WHAT YOU HAVE TO DO ▸ Among the entries below, how many lines hold "Description"? Only the number is wanted.

Brief descriptive captions:
====

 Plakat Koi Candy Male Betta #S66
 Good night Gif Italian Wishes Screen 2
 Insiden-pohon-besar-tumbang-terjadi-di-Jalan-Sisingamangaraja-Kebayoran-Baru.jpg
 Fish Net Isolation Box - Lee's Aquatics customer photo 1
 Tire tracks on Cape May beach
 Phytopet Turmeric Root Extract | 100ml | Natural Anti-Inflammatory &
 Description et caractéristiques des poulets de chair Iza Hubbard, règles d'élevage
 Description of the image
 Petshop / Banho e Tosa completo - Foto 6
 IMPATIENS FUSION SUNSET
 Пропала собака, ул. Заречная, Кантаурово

====

SOLUTION TO THE PROBLEM ▸ 2